■ Task directions ■
Return, exactly as written, every line from the first line of the data below through the line that contains "Vieux regard sur le monde".

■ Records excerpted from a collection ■
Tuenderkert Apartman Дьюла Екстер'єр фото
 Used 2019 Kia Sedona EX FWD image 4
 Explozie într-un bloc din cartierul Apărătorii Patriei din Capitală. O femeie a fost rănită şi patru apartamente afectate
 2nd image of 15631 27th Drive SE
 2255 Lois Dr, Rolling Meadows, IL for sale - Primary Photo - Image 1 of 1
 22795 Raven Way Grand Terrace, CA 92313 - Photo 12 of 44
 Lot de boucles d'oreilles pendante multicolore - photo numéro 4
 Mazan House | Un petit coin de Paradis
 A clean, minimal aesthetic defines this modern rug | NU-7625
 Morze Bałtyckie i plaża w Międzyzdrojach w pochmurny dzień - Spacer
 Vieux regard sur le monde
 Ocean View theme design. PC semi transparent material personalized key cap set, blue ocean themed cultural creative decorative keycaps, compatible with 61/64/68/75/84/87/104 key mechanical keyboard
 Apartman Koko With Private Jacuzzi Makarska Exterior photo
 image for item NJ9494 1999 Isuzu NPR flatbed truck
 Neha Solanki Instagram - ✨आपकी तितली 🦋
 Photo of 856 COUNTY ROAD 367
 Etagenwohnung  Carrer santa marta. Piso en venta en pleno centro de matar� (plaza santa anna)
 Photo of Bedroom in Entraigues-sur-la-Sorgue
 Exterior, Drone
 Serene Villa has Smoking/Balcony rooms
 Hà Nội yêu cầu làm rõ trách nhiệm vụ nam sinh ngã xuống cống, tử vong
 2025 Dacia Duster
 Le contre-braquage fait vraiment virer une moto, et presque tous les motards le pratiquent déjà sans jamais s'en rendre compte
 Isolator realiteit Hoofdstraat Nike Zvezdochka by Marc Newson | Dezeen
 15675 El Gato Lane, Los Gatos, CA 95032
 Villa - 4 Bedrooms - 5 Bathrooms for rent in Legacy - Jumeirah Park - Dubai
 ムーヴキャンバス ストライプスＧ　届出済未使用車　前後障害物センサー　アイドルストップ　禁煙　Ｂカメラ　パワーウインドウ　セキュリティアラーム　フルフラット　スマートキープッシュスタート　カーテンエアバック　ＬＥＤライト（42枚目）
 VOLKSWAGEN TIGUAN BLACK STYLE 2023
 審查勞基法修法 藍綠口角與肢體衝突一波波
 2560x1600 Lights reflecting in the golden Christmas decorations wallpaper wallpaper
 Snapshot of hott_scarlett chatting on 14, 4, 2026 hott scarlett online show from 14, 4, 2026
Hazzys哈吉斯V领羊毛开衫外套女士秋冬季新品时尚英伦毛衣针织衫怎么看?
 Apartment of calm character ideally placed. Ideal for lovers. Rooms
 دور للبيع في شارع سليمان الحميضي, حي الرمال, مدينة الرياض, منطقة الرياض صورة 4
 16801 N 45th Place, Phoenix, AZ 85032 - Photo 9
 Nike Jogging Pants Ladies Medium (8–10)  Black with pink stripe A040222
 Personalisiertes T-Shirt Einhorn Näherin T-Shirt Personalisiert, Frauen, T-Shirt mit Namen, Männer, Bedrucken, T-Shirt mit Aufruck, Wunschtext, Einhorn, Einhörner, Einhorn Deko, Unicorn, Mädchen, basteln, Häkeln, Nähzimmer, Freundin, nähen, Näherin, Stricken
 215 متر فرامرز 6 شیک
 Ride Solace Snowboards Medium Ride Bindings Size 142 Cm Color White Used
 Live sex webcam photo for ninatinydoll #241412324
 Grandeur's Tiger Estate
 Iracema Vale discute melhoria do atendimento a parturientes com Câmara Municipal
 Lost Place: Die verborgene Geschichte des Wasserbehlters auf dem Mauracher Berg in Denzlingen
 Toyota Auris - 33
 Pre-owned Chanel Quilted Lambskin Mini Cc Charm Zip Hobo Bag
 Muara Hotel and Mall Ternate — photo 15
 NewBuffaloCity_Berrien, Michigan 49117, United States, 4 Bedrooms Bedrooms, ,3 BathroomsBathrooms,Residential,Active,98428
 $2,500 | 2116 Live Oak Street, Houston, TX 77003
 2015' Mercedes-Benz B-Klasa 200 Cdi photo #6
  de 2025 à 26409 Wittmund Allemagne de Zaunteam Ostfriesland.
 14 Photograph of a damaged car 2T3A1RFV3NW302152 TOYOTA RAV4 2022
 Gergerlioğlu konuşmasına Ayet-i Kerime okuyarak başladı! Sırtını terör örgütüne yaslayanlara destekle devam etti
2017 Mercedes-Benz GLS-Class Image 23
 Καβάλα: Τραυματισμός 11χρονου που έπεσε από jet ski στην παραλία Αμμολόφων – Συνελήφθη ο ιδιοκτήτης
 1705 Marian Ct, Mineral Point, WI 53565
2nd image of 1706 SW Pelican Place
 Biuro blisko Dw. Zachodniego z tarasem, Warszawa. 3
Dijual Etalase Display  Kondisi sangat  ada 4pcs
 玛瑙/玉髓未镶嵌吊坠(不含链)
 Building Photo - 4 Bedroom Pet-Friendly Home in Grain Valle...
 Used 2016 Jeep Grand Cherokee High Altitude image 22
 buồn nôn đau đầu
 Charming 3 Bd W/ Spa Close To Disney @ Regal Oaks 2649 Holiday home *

■ Task output ■
Tuenderkert Apartman Дьюла Екстер'єр фото
 Used 2019 Kia Sedona EX FWD image 4
 Explozie într-un bloc din cartierul Apărătorii Patriei din Capitală. O femeie a fost rănită şi patru apartamente afectate
 2nd image of 15631 27th Drive SE
 2255 Lois Dr, Rolling Meadows, IL for sale - Primary Photo - Image 1 of 1
 22795 Raven Way Grand Terrace, CA 92313 - Photo 12 of 44
 Lot de boucles d'oreilles pendante multicolore - photo numéro 4
 Mazan House | Un petit coin de Paradis
 A clean, minimal aesthetic defines this modern rug | NU-7625
 Morze Bałtyckie i plaża w Międzyzdrojach w pochmurny dzień - Spacer
 Vieux regard sur le monde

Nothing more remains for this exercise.